While various embodiments according to the present invention have been described above, it should be understood that they have been presented by way of illustration and example only, and not limitation. It will be apparent to persons skilled in the relevant art that various changes in form and detail can be made therein without departing from the spirit and scope of the invention. Thus, the breadth and scope of the present invention should not be limited by any of the above-described exemplary embodiments, but should be defined only in accordance with the appended claims and their equivalents. It will also be understood that each feature of each embodiment discussed herein, and of each reference cited herein, can be used in combination with the features of any other embodiment. All patents and publications discussed herein are incorporated by reference herein in their entirety.

Claims

1. A bifurcate catheter comprising:

a proximal shaft having a proximal end and a distal end;

a first distal shaft branch and a second distal shaft branch, wherein the first and second distal shaft branches separately extend from the distal end of the proximal shaft forming a crotch in the catheter shaft;

a first balloon attached to the first distal shaft branch;

a second balloon attached to the second distal shaft branch; and

at least one bond that secures the first and second distal shaft branches together, wherein the at least one bond between the first and second distal shaft branches is located proximal of the proximal ends of the first and second balloons and distal of the crotch in the catheter shaft.

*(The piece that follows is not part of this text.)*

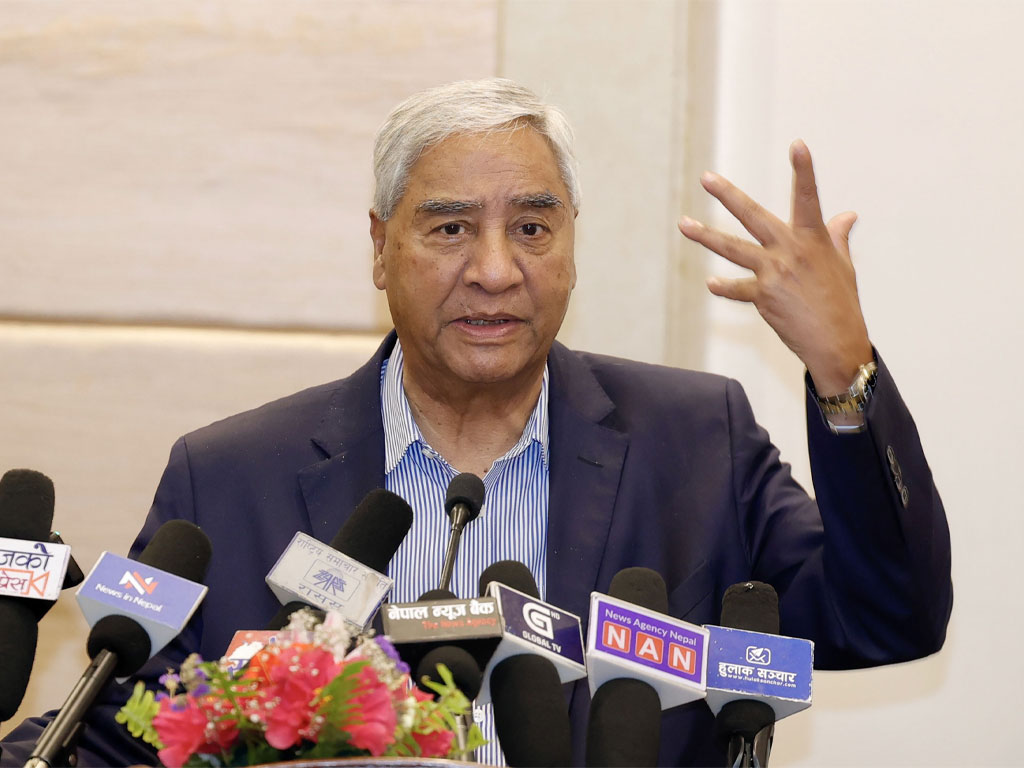 अदालतबाट न्याय पाइनेमा देउवा ढुक्क, रुख र झण्डा फिर्ता पाउने देउवाको दाबी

2. The bifurcate catheter of claim 1, wherein the bond between the first and second distal shaft branches separates unattached portions of the first and second distal shaft branches.

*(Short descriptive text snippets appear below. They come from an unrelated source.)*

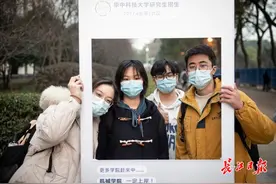 考生走出考场，2021年研究生考试进入尾声丨图集图片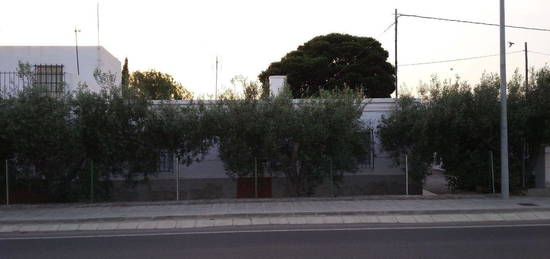 Casa de pueblo en venta en avenida Campos de Níjar, 26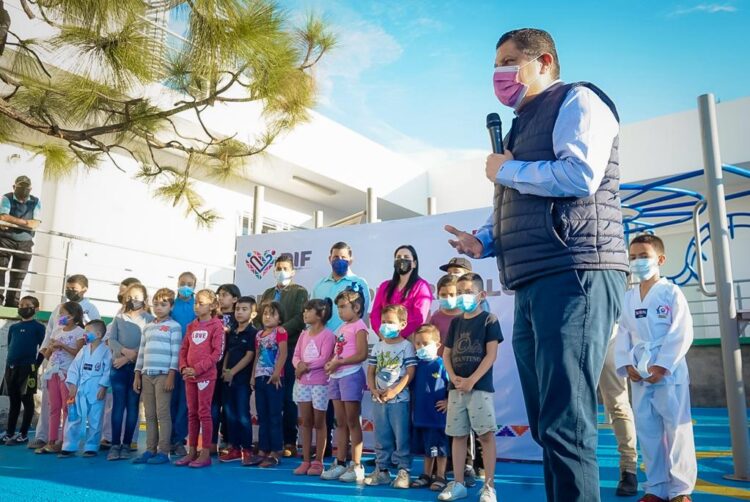 Nacho Campos entrega área infantil a niños de la colonia El Milagro en Uruapan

3. The bifurcate catheter of claim 2, wherein a first length L1 of unattached portions of the first and second distal shaft branches extends between the bond and the proximal ends of the first and second balloons.

4. The bifurcate catheter of claim 3, wherein the first length L1 of unattached portions of the first and second distal shaft branches are rotatable about one and other.

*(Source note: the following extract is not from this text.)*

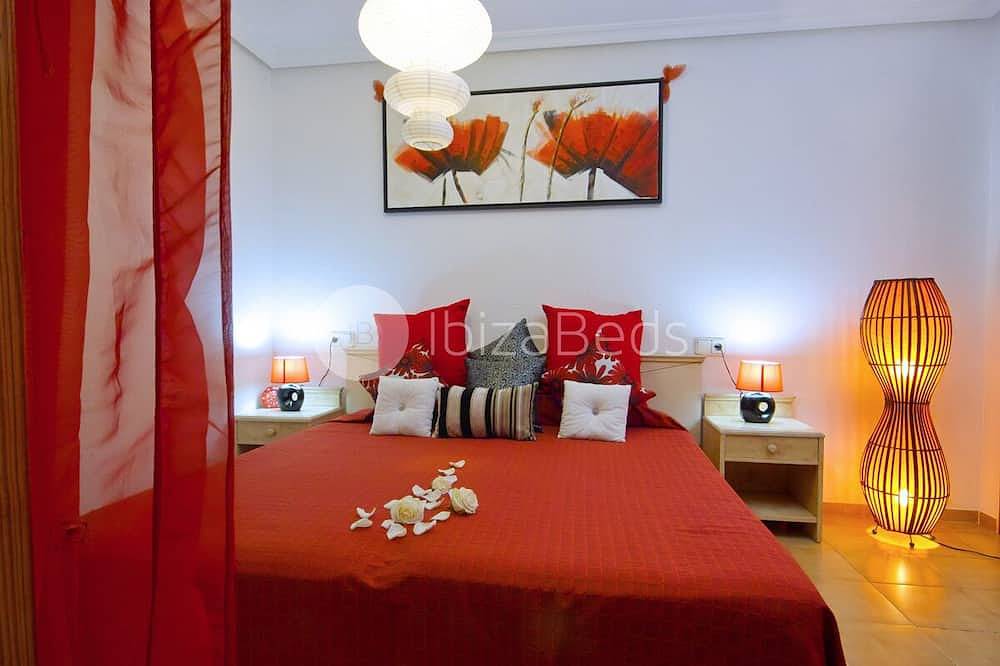 Villa Ruly Fantastische Lage auf Ibiza mit großem Pool und sehr ruhigem Grundstück in Sant Jordi de ses Salines, Sant Josep de sa Talaia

5. The bifurcate catheter of claim 3, wherein the first length L1 is between 0.5 and 20 cm.

6. The bifurcate catheter of claim 3, wherein a second length L2 of unattached portions of the first and second distal shaft branches extends between the bond and the crotch in the catheter shaft.

7. The bifurcate catheter of claim 6, wherein the second length L2 of unattached portions of the first and second distal shaft branches are rotatable about one and other.

8. The bifurcate catheter of claim 1, wherein the at least one bond that secures the first and second distal shaft branches together comprises a first bond and a second bond such that the first bond and the second bond are separated by unattached portions of the first and second distal shaft branches.

9. The bifurcate catheter of claim 8, wherein a first length L1 of unattached portions of the first and second distal shaft branches extends between the first bond and the proximal ends of the first and second balloons.

10. The bifurcate catheter of claim 9, wherein the first length L1 of unattached portions of the first and second distal shaft branches are rotatable about one and other.

11. The bifurcate catheter of claim 9, wherein the first length L1 is between 0.5 and 20 cm.

12. The bifurcate catheter of claim 9, wherein a second length L2 of unattached portions of the first and second distal shaft branches extends between the first bond and the second bond.

13. The bifurcate catheter of claim 12, wherein the second length L2 of unattached portions of the first and second distal shaft branches are rotatable about one and other.

14. The bifurcate catheter of claim 9, wherein a third length L3 of unattached portions of the first and second distal shaft branches extends between the second bond and the crotch in the catheter shaft.

15. The bifurcate catheter of claim 13, wherein the third length L3 of unattached portions of the first and second distal shaft branches are rotatable about one and other.